Para cerrar este ameno recorrido por la primera mitad de los noventa, baste recordar que México arrancó el último año del sexenio salinista con un levantamiento armado, lo continuó con un magnicidio y lo cerró con una crisis económica de dimensiones apocalípticas. Tres hechos indignos de una flamante nación de “primer mundo”.

Los paralelismos con el actual gobierno son asombrosos y potencialmente desastrosos. Obviamente hay detalles que la Historia, cruel y sádica, cambió para teñir ligeramente de comedia nuestra tragedia. Así, mientras el poderoso y siniestro intelecto de Salinas habitaba bajo una reluciente y prematura calva, el microscópico cerebro de Peña Nieto languidece bajo un tupido y lustroso copete.

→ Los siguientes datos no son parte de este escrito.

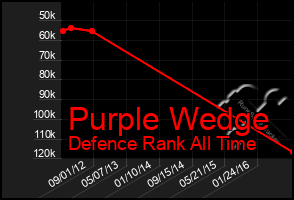 Total Graph of Purple Wedge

Pero hay diferencias que son mucho más preocupantes. La farsa modernizadora de Salinas, por ejemplo, estalló hasta el último año de su sexenio, mientras que la de Peña Nieto empezó a desmoronarse desde el segundo. La imagen del joven y pujante reformador que se vendió con tanto ahínco, sobre todo en el extranjero, quedó hecha añicos gracias a los escándalos de corrupción que envolvieron al Presidente y a su círculo íntimo, y al desconcertarte  festival de imbecilidades con que el gobierno trató de enfrentarlos. A estas alturas, seamos honestos, a nadie le sorprendería que Peña Nieto le encomendara a uno de sus tíos la lucha contra el nepotismo.

El fracaso rotundo del salinismo debió dejarle una enseñanza muy obvia al amnésico electorado mexicano: Los ladrones son pésimos modernizadores. Pues no hay nada más antimoderno y primitivo que la corrupción, el patrimonialismo y el capitalismo de cuates. Y tanto Peña Nieto como sus colaboradores emergieron de una cultura política cavernaria, cuyo ideario podría resumirse en un famoso adagio enunciado por uno de sus más egregios ideólogos: “Un político pobre es un pobre político”.

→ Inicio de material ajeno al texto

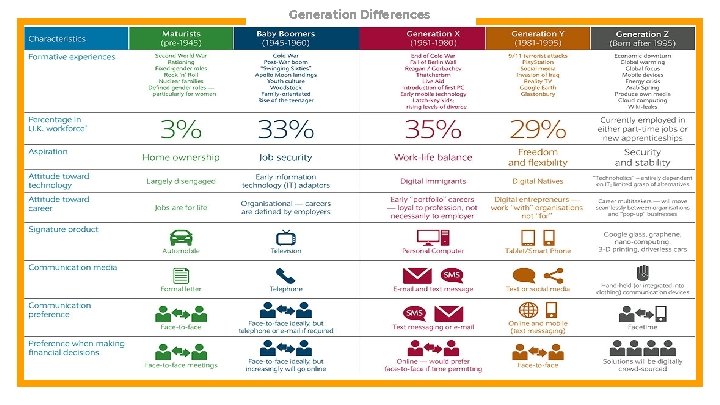 Generation Differences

Todos sabemos en qué va a acabar esta patraña. Las famosas “reformas” terminarán beneficiando a la pequeña pandilla que expolia al país desde hace décadas. La vida de millones de mexicanos no mejorará ni un ápice y, para muchos, muy probablemente empeorará. Lo que aún está por verse es qué clase de desastres acompañaran el lento pero ineludible descenso del peñanietismo rumbo al basurero de la Historia. Tenemos un largo calvario de cuatro años por delante para averiguarlo.